[WHAT YOU SHOULD DO] Using the material below, print the line that contains "Trina Turk Yanna", the line that contains "JUYA 10 Pcs\lot", and every line in between, exactly and nothing else.

SOURCE MATERIAL below:

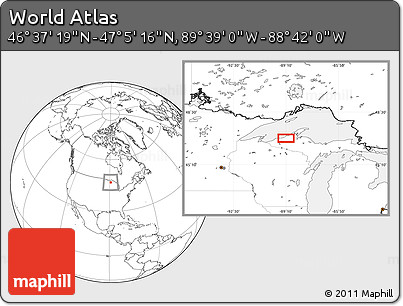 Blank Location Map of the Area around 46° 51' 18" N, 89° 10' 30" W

End of SOURCE MATERIAL.
SOURCE MATERIAL below:

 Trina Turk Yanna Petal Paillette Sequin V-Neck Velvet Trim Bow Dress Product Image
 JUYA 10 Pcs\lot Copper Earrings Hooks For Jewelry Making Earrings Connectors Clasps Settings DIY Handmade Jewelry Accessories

End of SOURCE MATERIAL.

[FINISHED EXERCISE]
 Trina Turk Yanna Petal Paillette Sequin V-Neck Velvet Trim Bow Dress Product Image
 JUYA 10 Pcs\lot Copper Earrings Hooks For Jewelry Making Earrings Connectors Clasps Settings DIY Handmade Jewelry Accessories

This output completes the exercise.